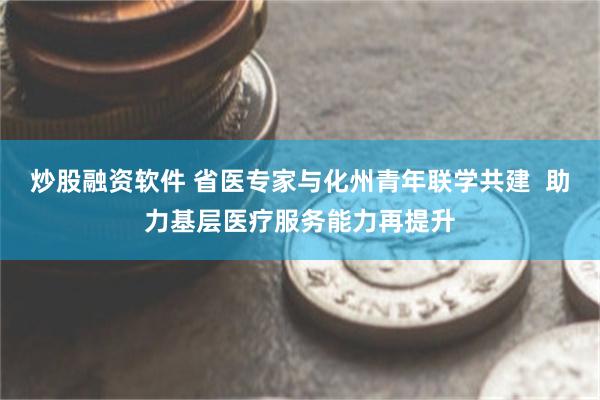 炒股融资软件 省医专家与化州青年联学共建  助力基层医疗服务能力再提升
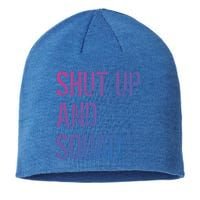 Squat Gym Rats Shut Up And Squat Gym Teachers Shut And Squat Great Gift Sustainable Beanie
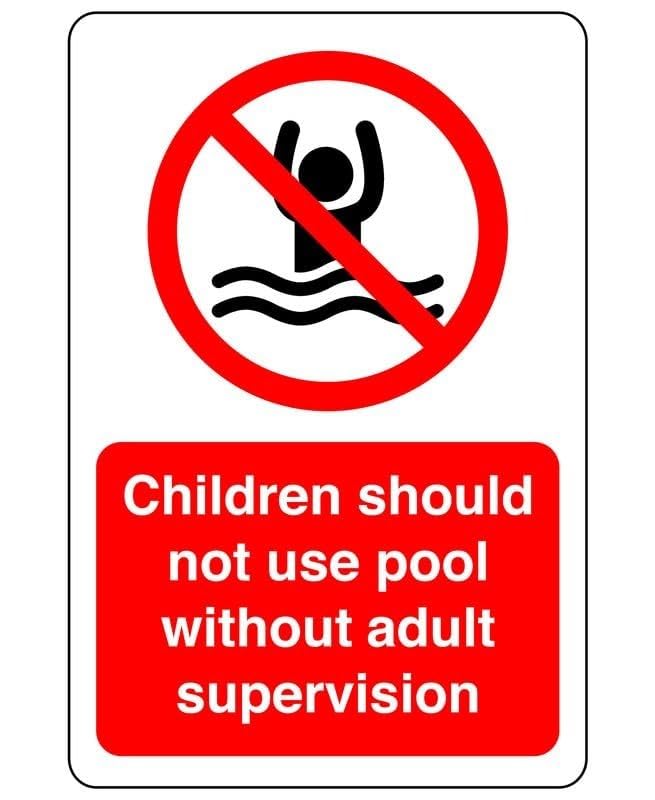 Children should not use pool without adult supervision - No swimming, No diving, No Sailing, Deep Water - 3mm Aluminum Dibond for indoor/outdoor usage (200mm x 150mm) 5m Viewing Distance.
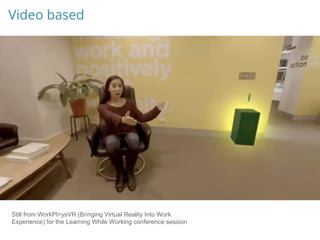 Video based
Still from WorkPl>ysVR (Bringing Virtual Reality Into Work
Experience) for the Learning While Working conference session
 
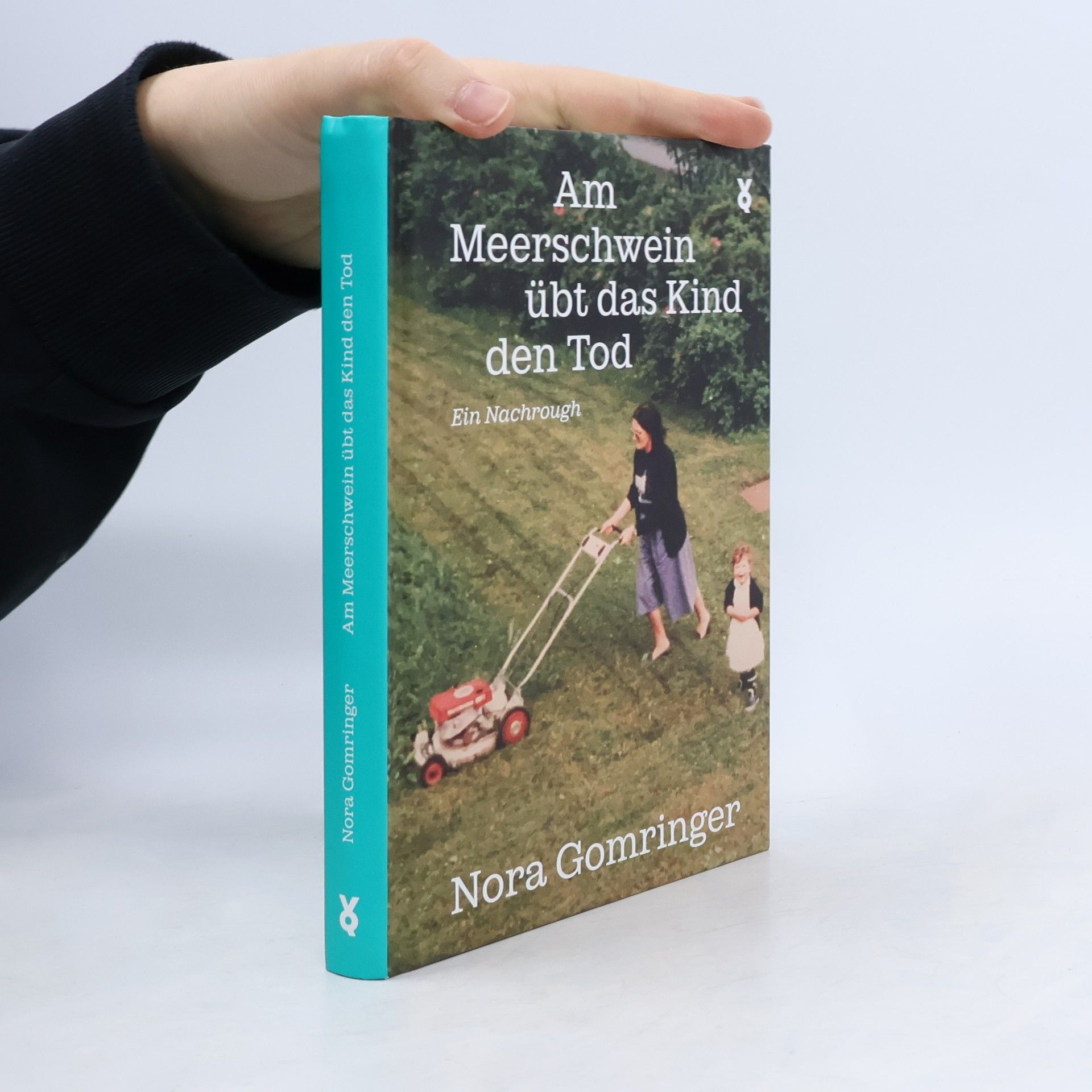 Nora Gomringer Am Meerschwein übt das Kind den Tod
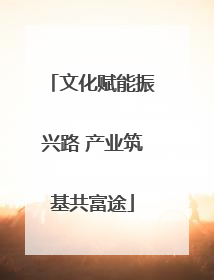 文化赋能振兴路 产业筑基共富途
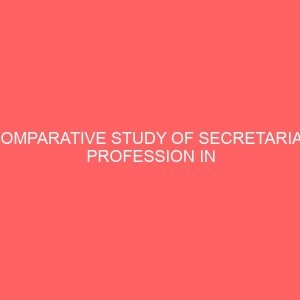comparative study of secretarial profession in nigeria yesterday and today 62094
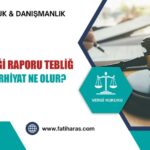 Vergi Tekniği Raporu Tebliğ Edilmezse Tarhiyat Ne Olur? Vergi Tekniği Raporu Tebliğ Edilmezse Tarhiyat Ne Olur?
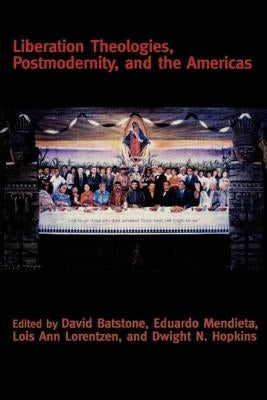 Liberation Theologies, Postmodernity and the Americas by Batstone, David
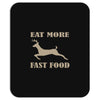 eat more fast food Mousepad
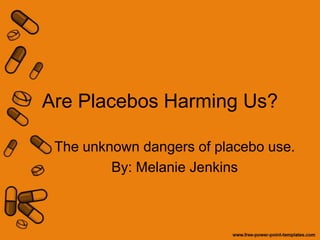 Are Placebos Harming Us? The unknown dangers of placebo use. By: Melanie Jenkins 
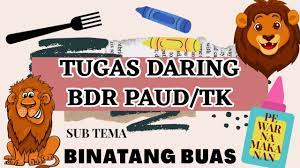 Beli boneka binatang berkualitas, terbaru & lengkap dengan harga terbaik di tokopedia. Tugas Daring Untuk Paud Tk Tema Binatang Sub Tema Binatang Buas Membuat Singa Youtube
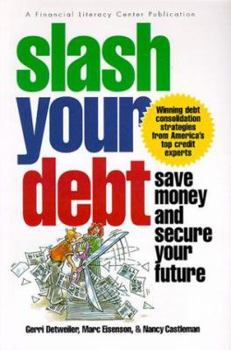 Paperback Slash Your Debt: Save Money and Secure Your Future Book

_ _ _ _ _

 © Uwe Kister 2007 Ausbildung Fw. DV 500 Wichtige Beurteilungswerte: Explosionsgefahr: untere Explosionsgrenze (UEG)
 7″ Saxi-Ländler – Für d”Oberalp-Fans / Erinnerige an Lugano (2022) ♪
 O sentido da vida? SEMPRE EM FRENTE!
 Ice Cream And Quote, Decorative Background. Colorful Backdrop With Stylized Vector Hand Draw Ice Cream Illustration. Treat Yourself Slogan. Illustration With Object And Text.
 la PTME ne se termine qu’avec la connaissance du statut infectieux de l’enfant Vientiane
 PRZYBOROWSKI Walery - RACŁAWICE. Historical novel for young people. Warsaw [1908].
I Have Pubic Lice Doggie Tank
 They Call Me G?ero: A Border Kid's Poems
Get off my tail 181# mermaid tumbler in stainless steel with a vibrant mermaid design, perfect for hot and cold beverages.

_ _ _ _ _

Assigned task – Copy exactly the material above from the line with "Beli boneka binatang" to the line with "Paperback Slash Your", ends included, and nothing else. Leave out any picture.

Task result –
 Beli boneka binatang berkualitas, terbaru & lengkap dengan harga terbaik di tokopedia. Tugas Daring Untuk Paud Tk Tema Binatang Sub Tema Binatang Buas Membuat Singa Youtube
 Paperback Slash Your Debt: Save Money and Secure Your Future Book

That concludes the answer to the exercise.